### Assigned task
Starting at the line below with "Продажа 1-комнатной квартиры, 45" and stopping at the line with "UPHILLSPORT UphillSport® TUNTU", please print each line exactly, those two included, and skip every picture.

### Source material
- - - -

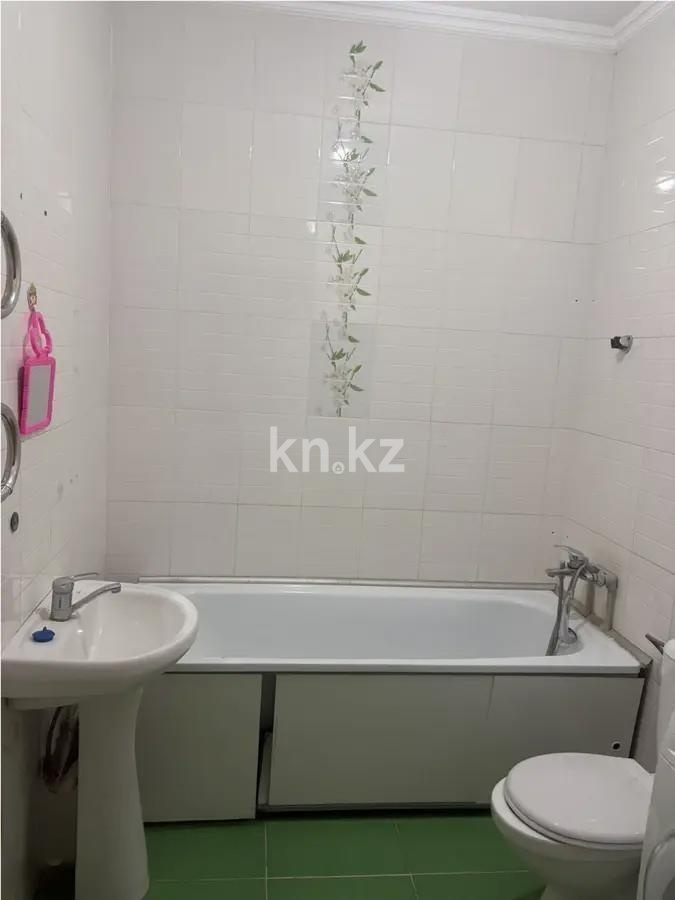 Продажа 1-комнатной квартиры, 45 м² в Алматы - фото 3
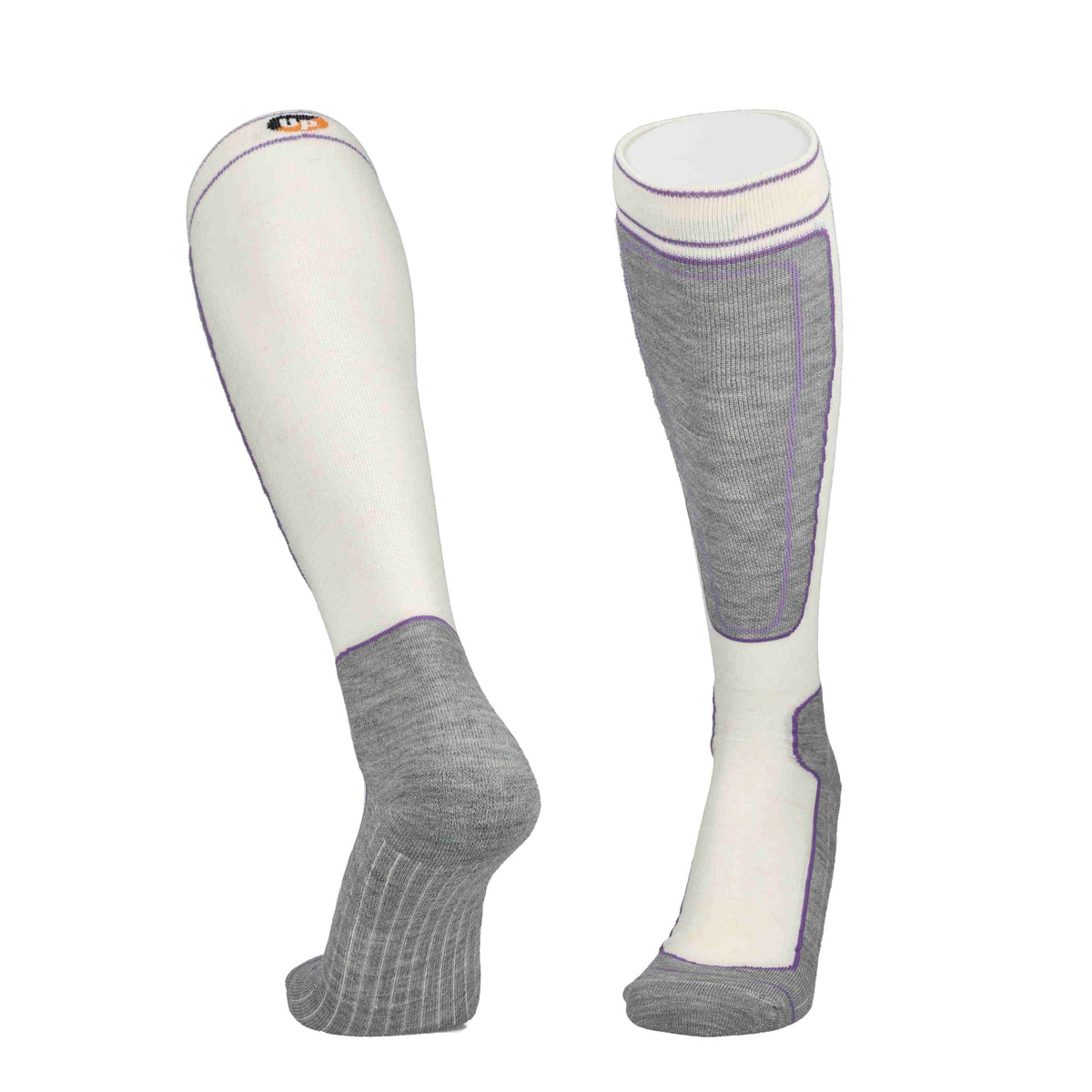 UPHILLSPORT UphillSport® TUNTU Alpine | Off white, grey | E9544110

- - - -

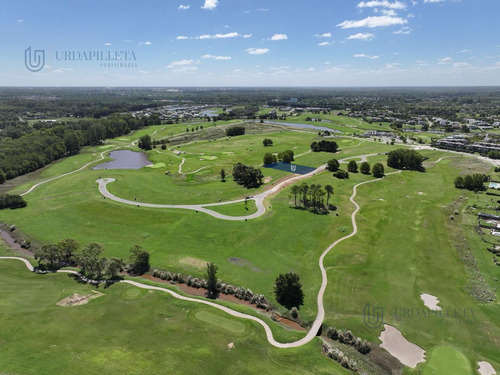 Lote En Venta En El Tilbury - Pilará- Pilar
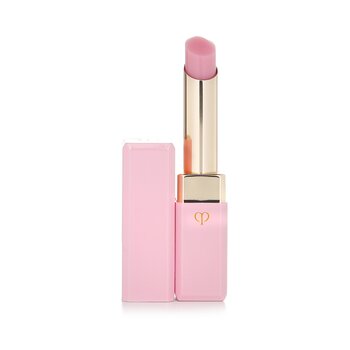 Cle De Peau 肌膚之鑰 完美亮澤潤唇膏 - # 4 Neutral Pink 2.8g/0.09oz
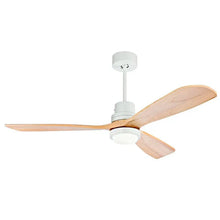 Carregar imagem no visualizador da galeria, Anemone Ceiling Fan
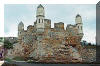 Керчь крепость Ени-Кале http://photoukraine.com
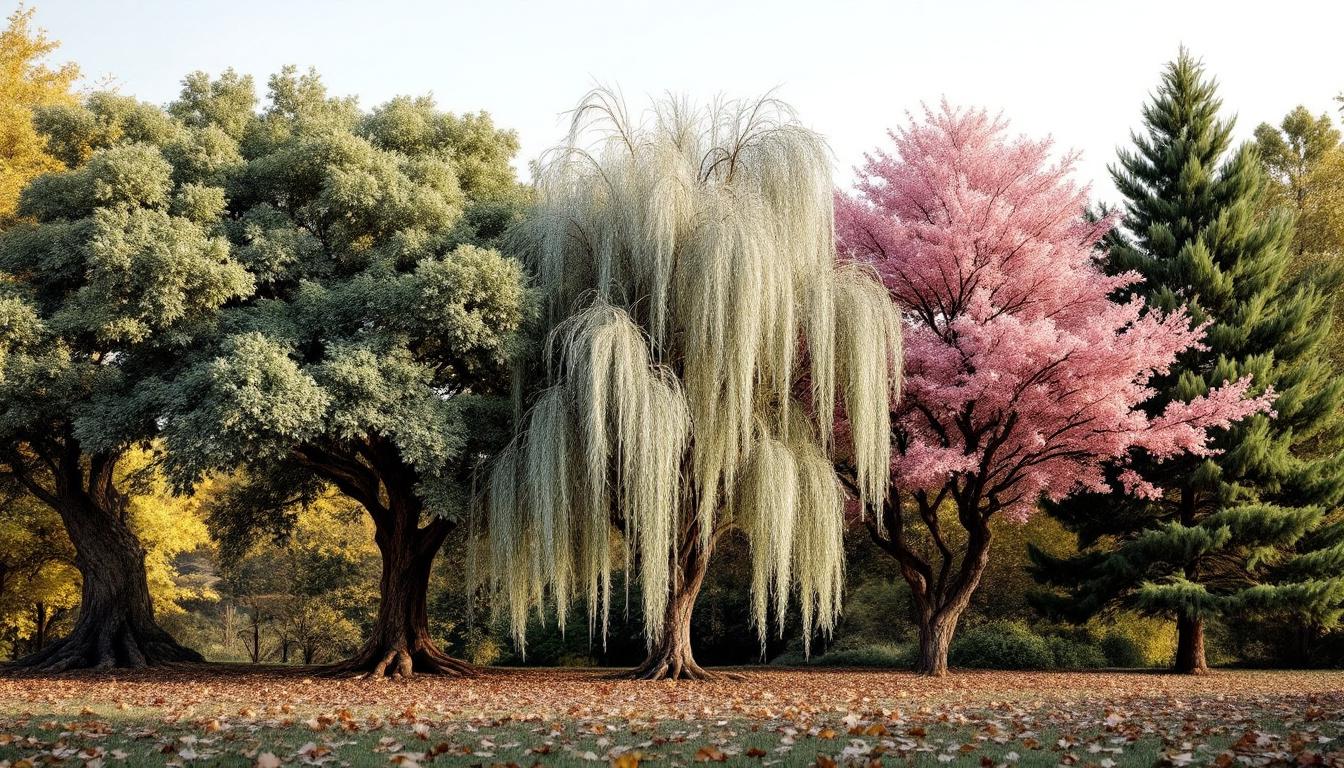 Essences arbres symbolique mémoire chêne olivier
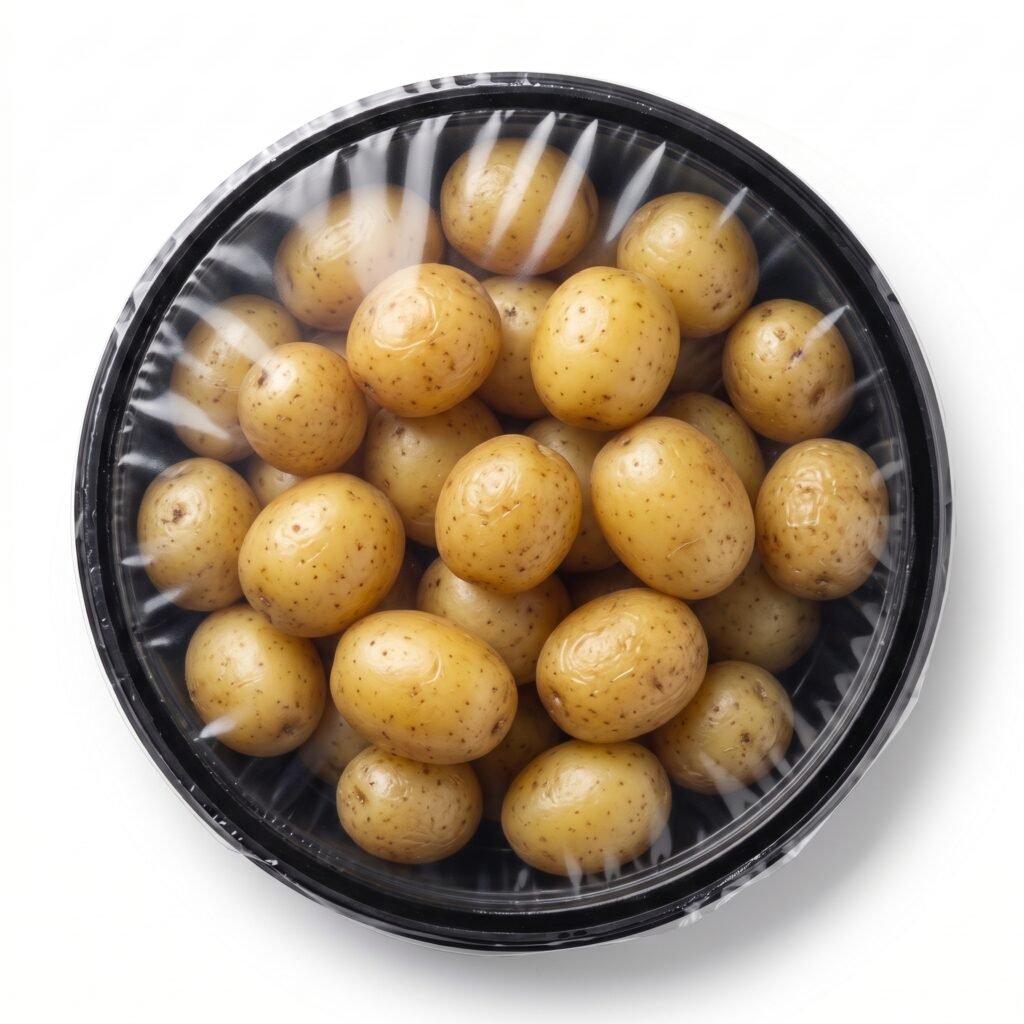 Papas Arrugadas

- - - -

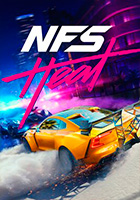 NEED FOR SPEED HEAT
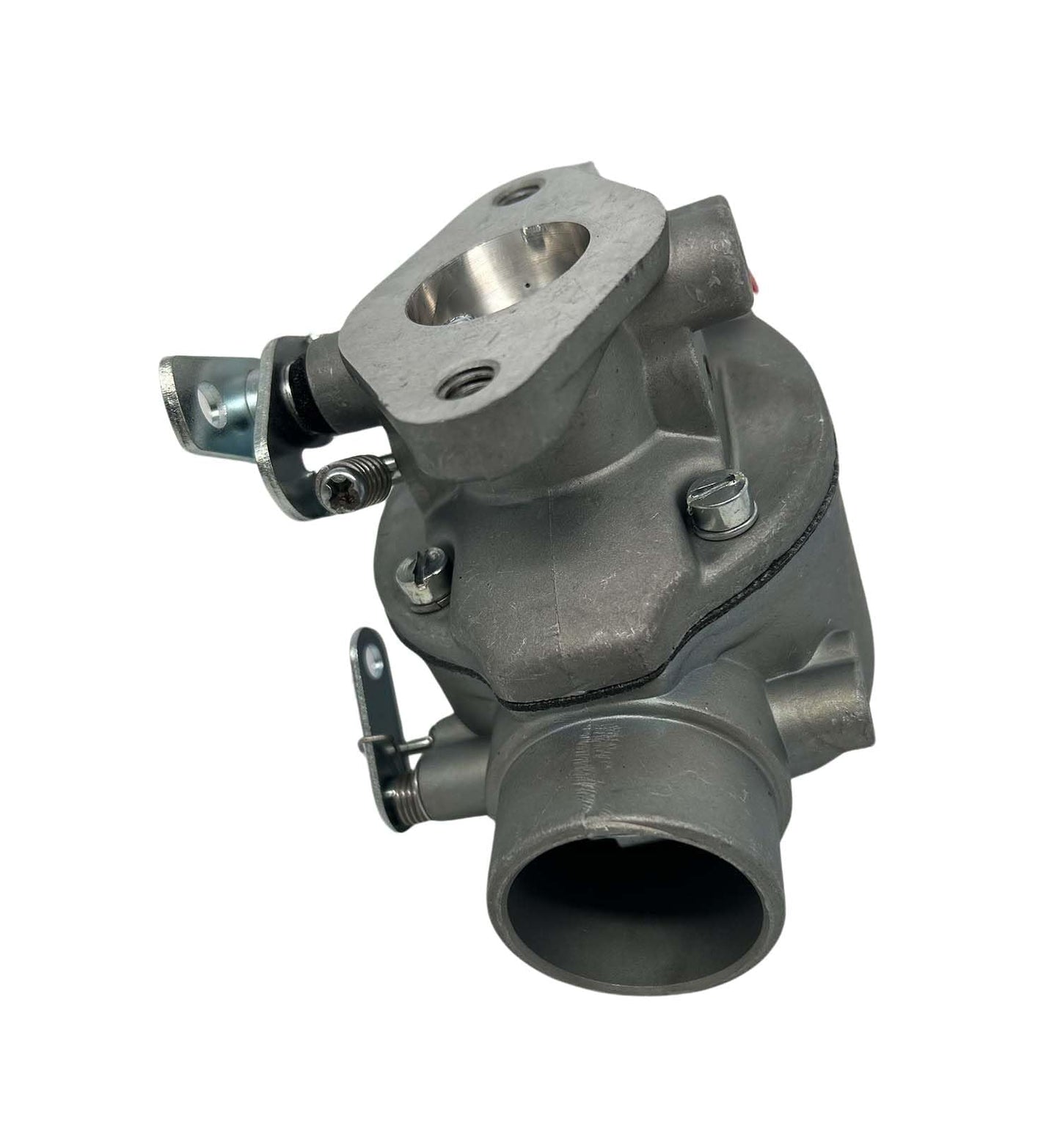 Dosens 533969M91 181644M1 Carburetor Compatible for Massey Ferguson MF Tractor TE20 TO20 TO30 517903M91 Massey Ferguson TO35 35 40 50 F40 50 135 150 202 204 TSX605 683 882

- - - -

### Finished exercise
 Продажа 1-комнатной квартиры, 45 м² в Алматы - фото 3
 UPHILLSPORT UphillSport® TUNTU Alpine | Off white, grey | E9544110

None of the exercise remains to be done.